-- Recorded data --
....................

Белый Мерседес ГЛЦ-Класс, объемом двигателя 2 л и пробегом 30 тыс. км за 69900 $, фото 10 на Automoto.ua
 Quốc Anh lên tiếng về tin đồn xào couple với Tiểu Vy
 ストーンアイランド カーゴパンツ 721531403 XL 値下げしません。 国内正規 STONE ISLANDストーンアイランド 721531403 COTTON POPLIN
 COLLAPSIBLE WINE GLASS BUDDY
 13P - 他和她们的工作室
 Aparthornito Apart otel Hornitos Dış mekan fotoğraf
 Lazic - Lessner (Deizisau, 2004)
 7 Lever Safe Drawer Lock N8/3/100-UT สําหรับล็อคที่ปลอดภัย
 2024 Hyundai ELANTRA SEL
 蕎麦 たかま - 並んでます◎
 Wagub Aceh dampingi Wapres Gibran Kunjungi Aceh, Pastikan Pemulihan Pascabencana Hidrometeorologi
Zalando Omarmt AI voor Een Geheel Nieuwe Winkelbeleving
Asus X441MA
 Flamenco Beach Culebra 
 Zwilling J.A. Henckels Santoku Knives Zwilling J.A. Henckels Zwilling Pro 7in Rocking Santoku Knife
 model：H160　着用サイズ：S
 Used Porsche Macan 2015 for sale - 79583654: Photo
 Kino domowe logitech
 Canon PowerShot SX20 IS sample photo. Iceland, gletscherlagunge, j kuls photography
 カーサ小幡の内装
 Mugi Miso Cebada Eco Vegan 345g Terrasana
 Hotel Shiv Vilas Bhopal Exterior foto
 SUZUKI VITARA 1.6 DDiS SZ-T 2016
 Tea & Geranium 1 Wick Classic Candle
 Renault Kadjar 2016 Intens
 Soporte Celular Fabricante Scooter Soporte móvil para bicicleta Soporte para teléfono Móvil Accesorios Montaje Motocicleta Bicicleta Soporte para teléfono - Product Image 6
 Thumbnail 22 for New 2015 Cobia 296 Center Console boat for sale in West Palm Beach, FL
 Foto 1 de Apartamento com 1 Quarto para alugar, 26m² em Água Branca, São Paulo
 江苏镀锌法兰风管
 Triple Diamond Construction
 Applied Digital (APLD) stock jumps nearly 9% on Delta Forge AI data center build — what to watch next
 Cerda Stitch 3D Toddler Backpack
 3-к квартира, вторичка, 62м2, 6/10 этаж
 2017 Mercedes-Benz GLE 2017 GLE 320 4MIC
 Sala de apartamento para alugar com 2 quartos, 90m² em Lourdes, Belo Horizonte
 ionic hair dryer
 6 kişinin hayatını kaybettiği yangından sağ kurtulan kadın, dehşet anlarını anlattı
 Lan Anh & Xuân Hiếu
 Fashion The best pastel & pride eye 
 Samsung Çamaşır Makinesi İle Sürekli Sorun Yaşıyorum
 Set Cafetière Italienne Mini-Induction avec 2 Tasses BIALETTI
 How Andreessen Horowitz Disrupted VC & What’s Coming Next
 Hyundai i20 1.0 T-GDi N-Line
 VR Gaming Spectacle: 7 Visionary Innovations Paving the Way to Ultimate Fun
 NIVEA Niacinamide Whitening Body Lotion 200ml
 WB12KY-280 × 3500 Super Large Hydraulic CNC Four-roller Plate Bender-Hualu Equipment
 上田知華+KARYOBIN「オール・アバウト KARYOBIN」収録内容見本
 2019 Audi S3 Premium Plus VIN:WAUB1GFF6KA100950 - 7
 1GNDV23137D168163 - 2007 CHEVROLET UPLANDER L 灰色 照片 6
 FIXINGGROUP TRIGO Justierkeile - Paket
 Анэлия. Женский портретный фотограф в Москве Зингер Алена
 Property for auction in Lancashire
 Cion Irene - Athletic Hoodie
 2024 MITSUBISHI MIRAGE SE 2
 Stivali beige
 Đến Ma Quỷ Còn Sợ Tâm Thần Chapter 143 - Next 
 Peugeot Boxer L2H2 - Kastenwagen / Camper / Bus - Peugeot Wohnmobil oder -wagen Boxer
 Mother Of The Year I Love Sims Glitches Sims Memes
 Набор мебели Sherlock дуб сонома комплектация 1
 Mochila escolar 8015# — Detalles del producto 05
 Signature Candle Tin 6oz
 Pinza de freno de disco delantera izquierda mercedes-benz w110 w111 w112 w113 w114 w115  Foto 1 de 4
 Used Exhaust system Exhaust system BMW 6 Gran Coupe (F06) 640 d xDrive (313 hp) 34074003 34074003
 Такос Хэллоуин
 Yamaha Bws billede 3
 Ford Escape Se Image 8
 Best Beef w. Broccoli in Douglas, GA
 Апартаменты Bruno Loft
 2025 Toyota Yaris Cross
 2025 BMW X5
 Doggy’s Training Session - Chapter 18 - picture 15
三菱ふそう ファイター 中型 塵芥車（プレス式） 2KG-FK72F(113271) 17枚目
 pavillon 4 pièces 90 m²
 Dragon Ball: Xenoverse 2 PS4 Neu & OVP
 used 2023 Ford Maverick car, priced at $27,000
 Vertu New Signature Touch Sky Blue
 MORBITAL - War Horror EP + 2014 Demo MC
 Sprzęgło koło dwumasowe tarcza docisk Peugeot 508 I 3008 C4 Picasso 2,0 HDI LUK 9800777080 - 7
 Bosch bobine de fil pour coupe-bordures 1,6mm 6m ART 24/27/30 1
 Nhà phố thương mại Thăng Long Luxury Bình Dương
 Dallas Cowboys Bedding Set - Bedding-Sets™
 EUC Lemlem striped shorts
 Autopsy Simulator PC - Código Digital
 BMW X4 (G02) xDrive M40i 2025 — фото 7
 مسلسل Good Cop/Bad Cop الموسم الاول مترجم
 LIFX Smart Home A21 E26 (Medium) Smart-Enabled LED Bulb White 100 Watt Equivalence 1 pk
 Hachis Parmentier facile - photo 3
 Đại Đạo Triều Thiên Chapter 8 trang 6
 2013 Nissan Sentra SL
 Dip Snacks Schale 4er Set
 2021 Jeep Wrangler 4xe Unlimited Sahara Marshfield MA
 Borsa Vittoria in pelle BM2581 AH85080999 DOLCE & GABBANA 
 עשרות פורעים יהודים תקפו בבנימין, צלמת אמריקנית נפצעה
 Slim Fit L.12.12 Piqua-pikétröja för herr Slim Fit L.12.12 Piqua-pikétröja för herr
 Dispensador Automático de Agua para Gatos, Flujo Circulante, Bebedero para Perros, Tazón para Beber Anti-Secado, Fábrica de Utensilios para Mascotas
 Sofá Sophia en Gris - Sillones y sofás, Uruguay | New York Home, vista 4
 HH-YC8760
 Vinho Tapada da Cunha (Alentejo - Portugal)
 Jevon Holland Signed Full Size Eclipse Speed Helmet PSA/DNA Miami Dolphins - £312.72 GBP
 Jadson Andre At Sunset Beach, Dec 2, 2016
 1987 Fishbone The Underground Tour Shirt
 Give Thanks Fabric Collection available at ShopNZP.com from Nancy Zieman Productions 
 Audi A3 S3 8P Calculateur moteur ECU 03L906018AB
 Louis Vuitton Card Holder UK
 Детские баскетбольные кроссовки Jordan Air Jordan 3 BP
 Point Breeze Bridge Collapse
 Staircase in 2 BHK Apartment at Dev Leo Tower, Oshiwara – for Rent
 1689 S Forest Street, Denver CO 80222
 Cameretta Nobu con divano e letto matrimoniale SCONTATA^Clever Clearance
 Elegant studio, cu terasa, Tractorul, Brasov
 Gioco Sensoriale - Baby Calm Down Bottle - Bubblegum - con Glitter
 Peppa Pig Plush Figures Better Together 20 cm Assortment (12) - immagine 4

....................

-- What to work on --
One stretch of the lines above is wanted, from the line that contains "Aparthornito Apart otel" through the line that contains "Wagub Aceh dampingi". Output it exactly.

-- Exercise solution --
 Aparthornito Apart otel Hornitos Dış mekan fotoğraf
 Lazic - Lessner (Deizisau, 2004)
 7 Lever Safe Drawer Lock N8/3/100-UT สําหรับล็อคที่ปลอดภัย
 2024 Hyundai ELANTRA SEL
 蕎麦 たかま - 並んでます◎
 Wagub Aceh dampingi Wapres Gibran Kunjungi Aceh, Pastikan Pemulihan Pascabencana Hidrometeorologi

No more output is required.